Il vecchio play del 1964 messo in scena da Elia Kazan mi è tornato alla mente perché l’Europa ha oggi, come non mai, l’esigenza su una riflessione su dove vuole andare nelle circostanze del secondo decennio del ventunesimo secolo, molto differenti da quelle in cui nel 1944, Eugenio Colorni, Altiero Spinelli ed Ernesto Rossi hanno scritto, nel confino di Ventotene, il Manifesto per un’Europa federale come obiettivo per superare le guerre che avevano insanguinato il Continente vecchio.
Tra Brexit, possibile Grexit, tracollo dei partiti tradizionali, crescita dei movimenti non convenzionali, quella che un tempo veniva chiamata la classe dirigente europea non dirige più nulla. Anche se eletta dal popolo sovrano, a essa lo stesso popolo sovrano che l’ha votata risponde con rabbia e frustrazione. Anche se vuole andare avanti verso un’unione ever closer, come delineato nei trattati ratificati dai 38 Parlamenti (solo il Belgio ne ha sette) dei 28 Stati membri, non sa come farlo.
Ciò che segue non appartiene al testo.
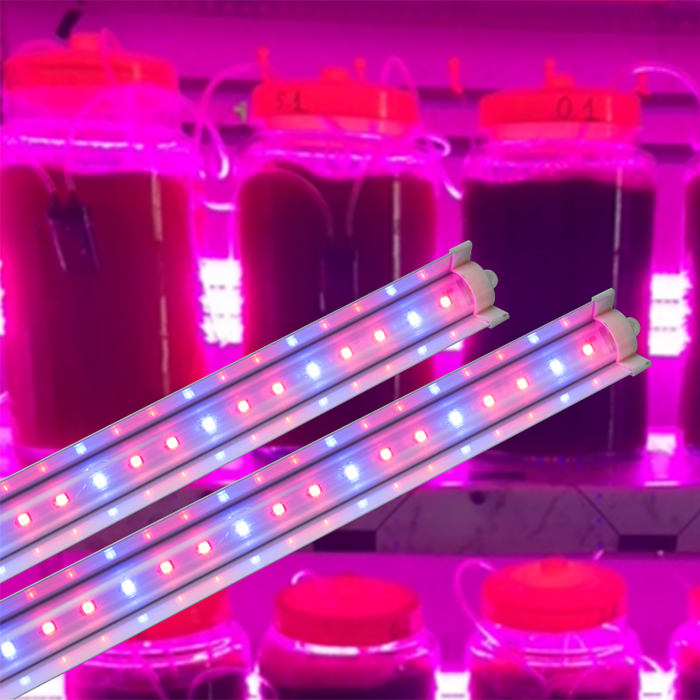 Đèn LED chuyên dụng cho nuôi Tảo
Dopo aver promesso, sedici anni fa, l’area economica “più dinamica e più prospera dell’economia mondiale” ha perso negli ultimi otto anni il 20% circa del Pil, è minacciata da una stagnazione secolare, assediata da milioni di migranti, posta a rischio da un terrorismo ormai capillare, alle prese di con diseguaglianze ed esclusioni sociali sempre più gravi. È, quindi, in una situazione non sostenibile. Non può neanche tornare indietro perché si è avviluppata in una rete di lacci, nodi e catene (i cosiddetti acquis communautaires) sempre più contorta, oltre che sempre più stretta. Per queste ragioni, c’è uno scollamento sempre più grave tra la classe dirigente e una proporzione crescente della popolazione europea.
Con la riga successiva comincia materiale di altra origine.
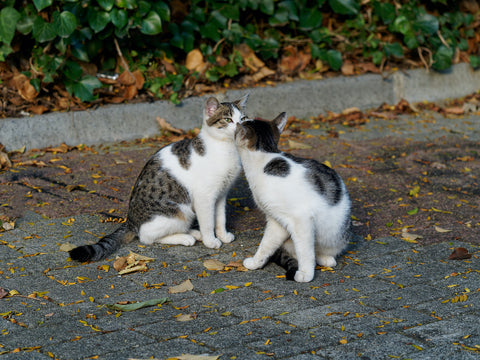 Person giving a treat in the form of a heart to the cats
Se l’Unione europea vuole sopravvivere (evitando un progressivo sgretolamento) deve mutare obiettivi (i soli e i veri elementi di coesione) e assetto istituzionale. Alle generazioni che oggi hanno quaranta o anche cinquanta anni, l’utopia di Colorni, Spinelli e Rossi e le iniziative di Monnet, Adenauer, Schumann, De Gasperi per dare a esse corpo, non significano nulla. Mordono invece la disoccupazione, l’angoscia per il presente e il futuro di se stessi e dei propri figli, la fine dell’ascensore sociale, l’insicurezza personale, un’immigrazione in continua crescita (a ragione di inarrestabili pressioni demografiche). E via discorrendo.
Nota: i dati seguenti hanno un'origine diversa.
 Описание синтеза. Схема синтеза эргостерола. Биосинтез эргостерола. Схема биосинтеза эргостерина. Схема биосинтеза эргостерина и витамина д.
Dopo la caduta (la Brexit e i successi elettorali dei movimenti antisistemici, populistici, euroscettici e anti-europei), gli Stati europei devono trovare una nuova base di obiettivi comuni e di consenso che guardi ai problemi di oggi (non a quelli di settanta anni fa) e alle prospettive delle nuove generazioni.
Potrebbe essere una serie di accordi intergovernativi sui temi indicati in precedenza, tra gruppi di Stati oggi aderenti all’Ue, quindi a geometria variabile. Un’Ue profondamente riformata nel suo quadro istituzionale potrebbe fare da cornice a tali accordi intergovernativi e assicurarne l’attuazione. Indubbiamente – non facciamoci illusioni – il Paese che meglio ha retto alla crisi e ha maggiore potenziale economico (la Repubblica Federale Tedesca) avrebbe maggiori responsabilità di altri e ne assumerebbe la leadership.
Non facciamoci, però, illusioni. La Germania di oggi ha, nel consesso europeo, un ruolo e un dilemma analogo a quello della Germania di Bismarck: da un lato, è tanto grande che ogni sua mossa si riverbera su tutto il consesso, da un altro, non è abbastanza grande da prendersi carico, da sola, di tutti i problemi europei.